O Movimento por uma Formação Cristã Libertadora surgiu em razão da insatisfação, compartilhada entre estudantes e docentes de teologia, catequistas e lideranças comunitárias, acerca do tipo de formação teológica catequética que se oferece ao Povo de Deus na Igreja de Fortaleza. O Movimento busca uma instrução Cristã Libertadora, engajada e solidária com os pobres.

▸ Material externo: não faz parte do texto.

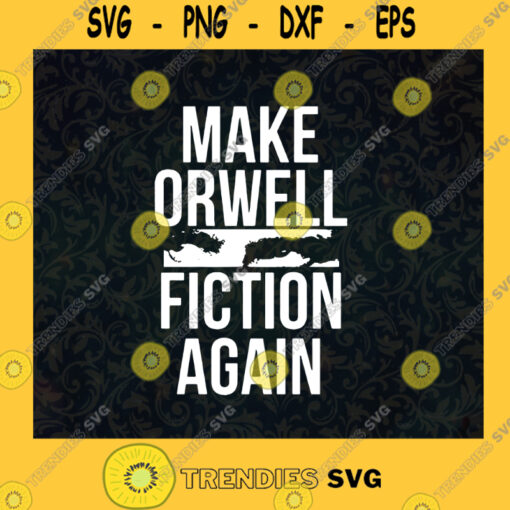 Make Orwell Fiction Again Social Criticism Read the Constitution Freedom Liberty Founding Fathers Constitution SVG Digital Files Cut Files For Cricut Instant Download Vector Download Print Files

terça-feira, 4 de fevereiro de 2014
DOM HELDER SEMPRE SURPREENDE
Nesta sexta-feira, dia 7, Dom Helder Camara, se vivo fosse, completaria 105 anos. Por isso haverá lançamento de um livro sobre ele na Livraria Paulus, às 16:00, com o título: “ALÉM DAS IDÉIAS. Histórias de vida de Dom Helder Camara”, escrito pelo pernambucano Félix Filho, que teve longa convivência com o Dom. Vale a pena conferir!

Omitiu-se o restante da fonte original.